This vignette is developer-focused, and outlines an example process for evaluating different (versions of) fall-through algorithms for the morphemepiece tokenizer. The basic approach is…
# These are local paths for illustration purposes
vocab_path <- "/shared/morphemepiece_vocabs/mp_vocab_large.txt"
lookup_path <- "/shared/morphemepiece_vocabs/mp_lookup_large.txt"
# We will be interested in words that are in the large lookup, but not the small
# one (as a proxy for the most common words that will hit the fallthrough
# algorithm).
lookup_path_small <- "/shared/morphemepiece_vocabs/mp_lookup_small.txt"
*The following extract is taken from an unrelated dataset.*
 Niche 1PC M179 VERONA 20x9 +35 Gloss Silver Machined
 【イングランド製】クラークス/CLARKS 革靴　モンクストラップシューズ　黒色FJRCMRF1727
mp_vocab <- load_or_retrieve_vocab(vocab_path)
mp_lookup <- load_or_retrieve_lookup(lookup_path)
mp_lookup_small <- load_or_retrieve_lookup(lookup_path_small)
Obtain the words, and process…
breakdown1 <- list()
breakdown2 <- list()
words_to_do <- setdiff(names(mp_lookup), names(mp_lookup_small))
# It takes about an hour to do all words in this set.
for (word in words_to_do) {
bd1 <- morphemepiece:::.mp_tokenize_word_bidir(word,
mp_vocab,
allow_compounds = FALSE)
bd2 <- morphemepiece:::.mp_tokenize_word_bidir(word,
mp_vocab,
allow_compounds = TRUE)
breakdown1 <- append(breakdown1, paste0(bd1, collapse = " "))
breakdown2 <- append(breakdown2, paste0(bd2, collapse = " "))
}
actual_bd <- mp_lookup[words_to_do]
wdtbl <- dplyr::tibble(words_to_do, actual_bd, bd1 = unlist(breakdown1), bd2 = unlist(breakdown2))
calc_score <- function(bd0, bd) {
bd0 <- stringr::str_split(bd0, " ", simplify = FALSE)
bd <- stringr::str_split(bd, " ", simplify = FALSE)
bd0 <- purrr::map(bd0, function(b) {b[b != "##"]} )
bd <- purrr::map(bd, function(b) {b[b != "##"]} )
purrr::map2_dbl(bd0, bd, function(a, b) {
re <- mean(a %in% b)
pr <- mean(b %in% a)
if (re == 0 & pr == 0) {
return(0)
}
f1 <- 2*re*pr / (re + pr)
return(f1)
})
}
scored <- wdtbl %>%
# The filter helps focus on the difference between the two algorithms.
# To measure absolute performance, we'd take out this filter.
filter(bd1 != bd2) %>%
mutate(score1 = calc_score(actual_bd, bd1)) %>%
mutate(score2 = calc_score(actual_bd, bd2))
# what was the mean score of each algorithm? (1=old, 2=new)
mean(scored$score1) # 0.3717737
mean(scored$score2) # 0.4134288
# what fraction of words did each algorithm score 100% on?
mean(scored$score1 == 1) # 0.03477313
mean(scored$score2 == 1) # 0.1674262
# what fraction of words did each algorithm score 0% on?
mean(scored$score1 == 0) # 0.1803051
mean(scored$score2 == 0) # 0.2317713
# in what fraction of cases was the old or new algorithm strictly better?
scored %>%
mutate(old_better = score1 > score2) %>%
mutate(new_better = score1 < score2) %>%
summarize(mean(old_better), mean(new_better))
# # A tibble: 1 x 2
# `mean(old_better)` `mean(new_better)`
# <dbl> <dbl>
# 1 0.343 0.536
By almost all measures, the new algorithm gives breakdowns closer to “correct” than the old one. However, the new algorithm scores 0 more often than the old, so the comparison isn’t completely one-sided.